Short web captions
════════════════════

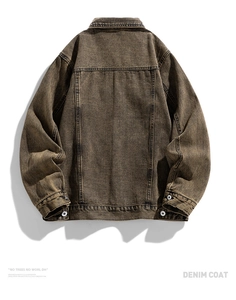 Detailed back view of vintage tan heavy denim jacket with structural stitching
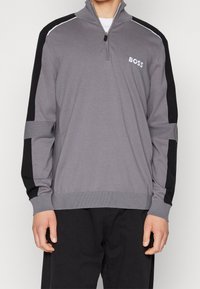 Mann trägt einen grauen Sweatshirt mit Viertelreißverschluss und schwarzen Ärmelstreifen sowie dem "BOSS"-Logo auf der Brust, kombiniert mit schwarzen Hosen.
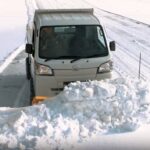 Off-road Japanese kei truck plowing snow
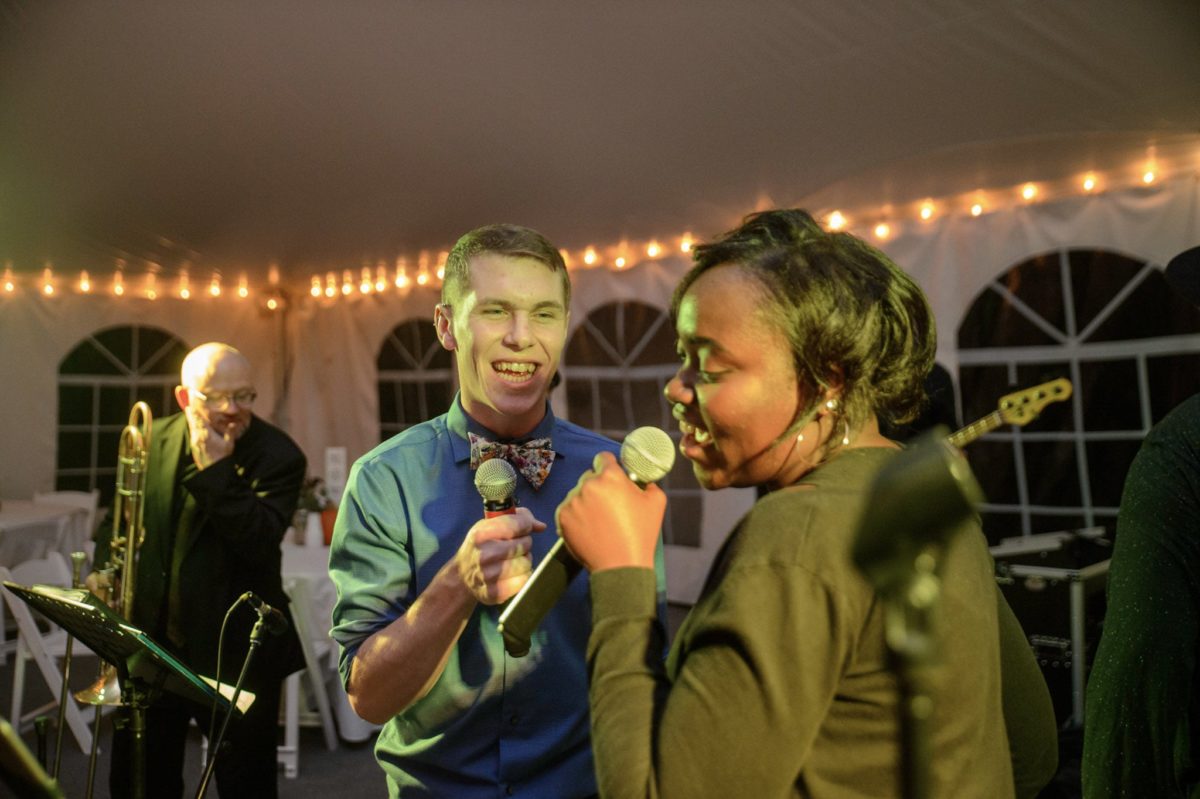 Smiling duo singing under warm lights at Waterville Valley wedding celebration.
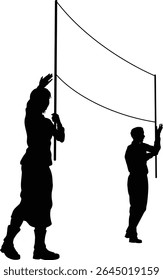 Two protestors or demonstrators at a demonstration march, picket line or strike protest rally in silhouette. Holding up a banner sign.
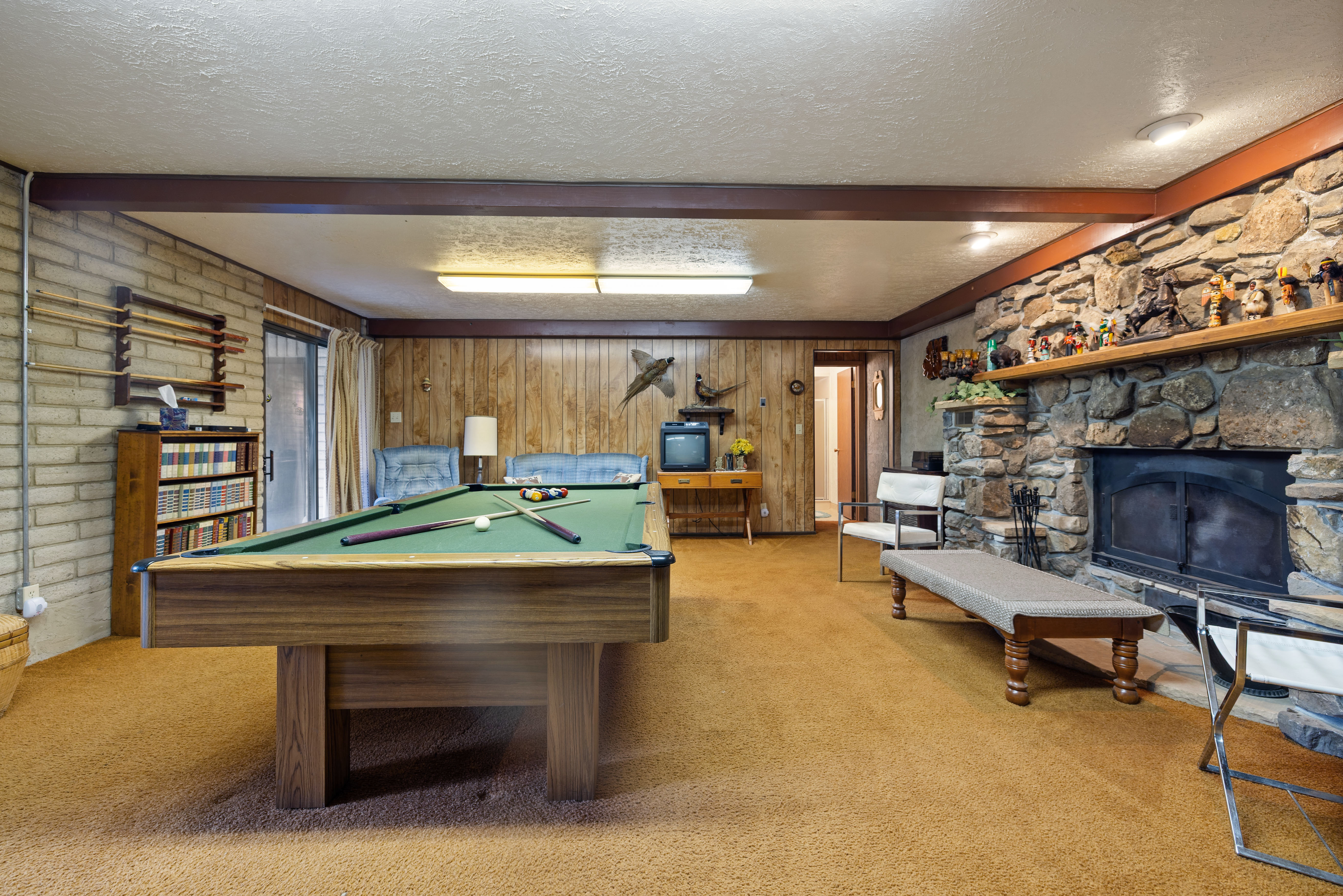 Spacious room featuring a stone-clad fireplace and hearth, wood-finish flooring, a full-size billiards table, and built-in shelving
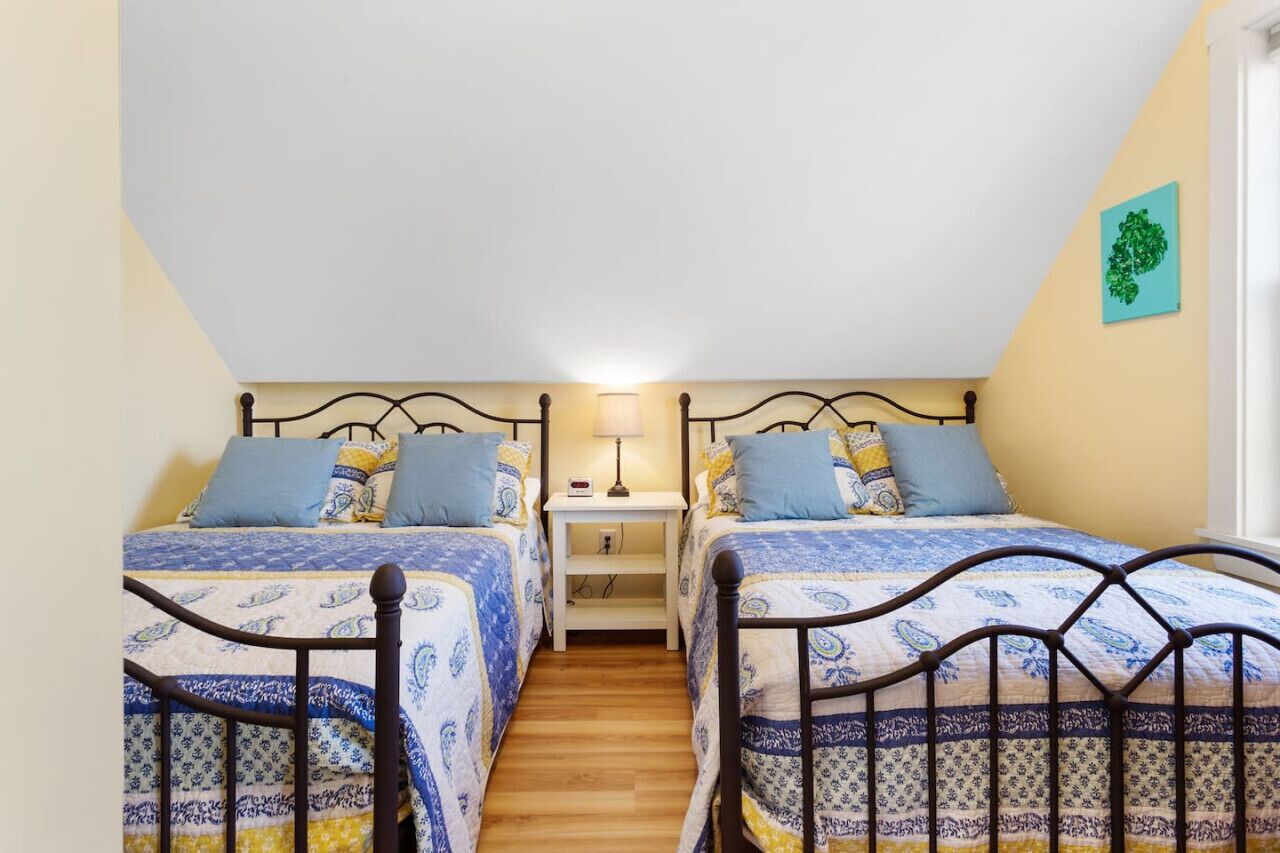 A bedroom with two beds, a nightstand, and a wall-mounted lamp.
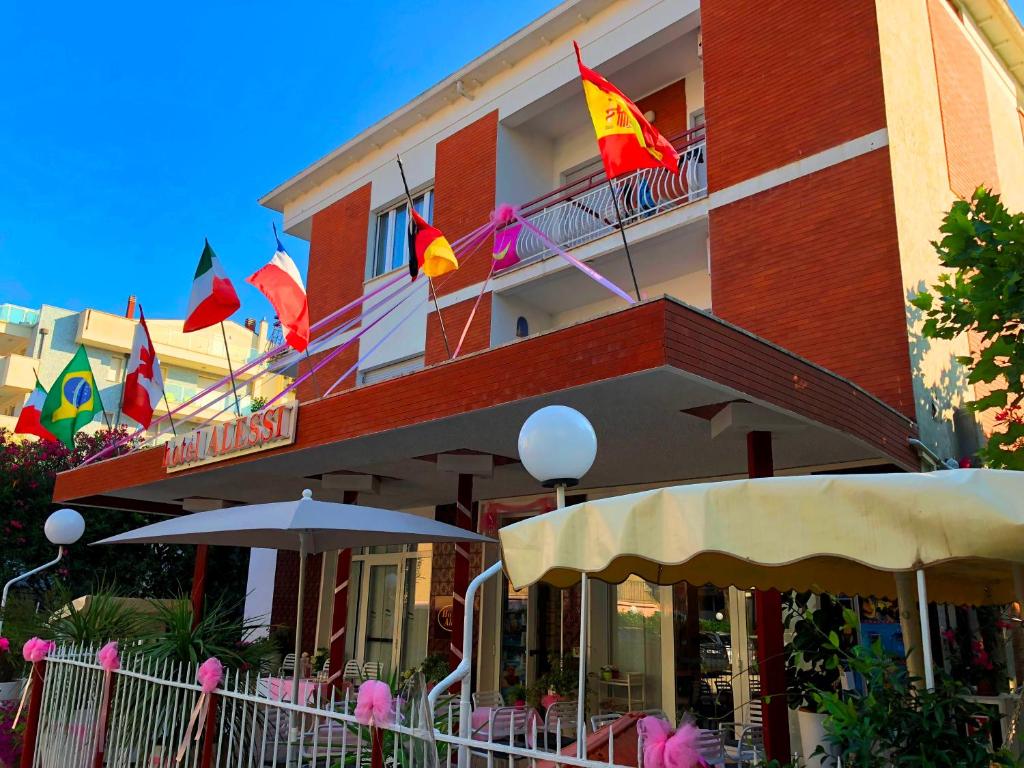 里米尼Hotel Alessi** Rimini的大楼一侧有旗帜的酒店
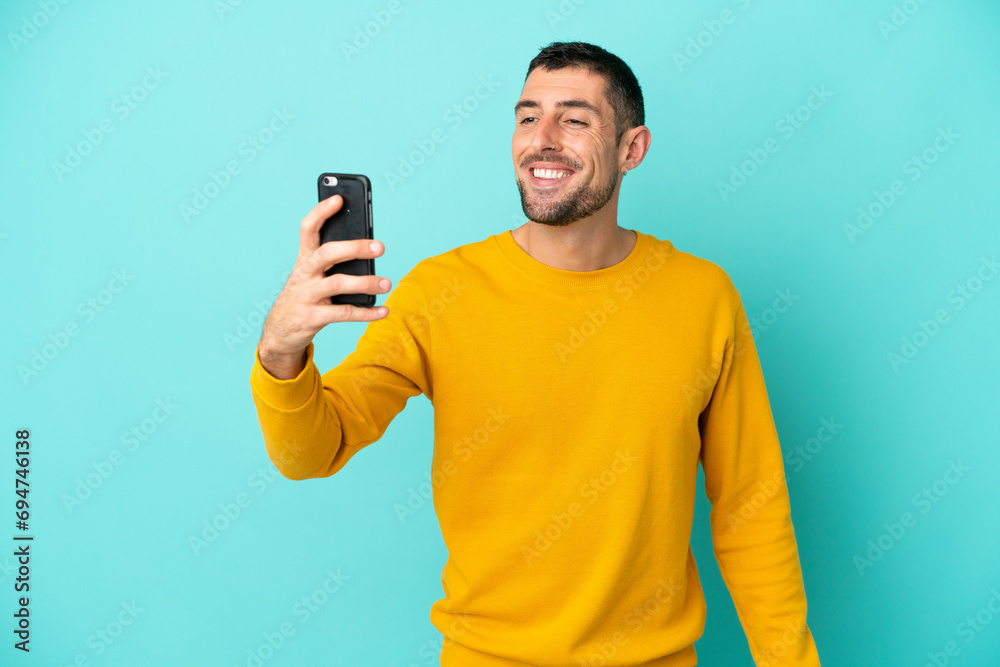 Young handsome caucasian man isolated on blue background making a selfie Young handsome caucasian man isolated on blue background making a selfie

════════════════════

[EXERCISE INSTRUCTIONS]
Return exactly the lines from the line with "Two protestors or" through the last line of the data above, both included; pictures do not go in the answer.

[YOUR SOLUTION]
 Two protestors or demonstrators at a demonstration march, picket line or strike protest rally in silhouette. Holding up a banner sign.
 Spacious room featuring a stone-clad fireplace and hearth, wood-finish flooring, a full-size billiards table, and built-in shelving
 A bedroom with two beds, a nightstand, and a wall-mounted lamp.
 里米尼Hotel Alessi** Rimini的大楼一侧有旗帜的酒店
 Young handsome caucasian man isolated on blue background making a selfie Young handsome caucasian man isolated on blue background making a selfie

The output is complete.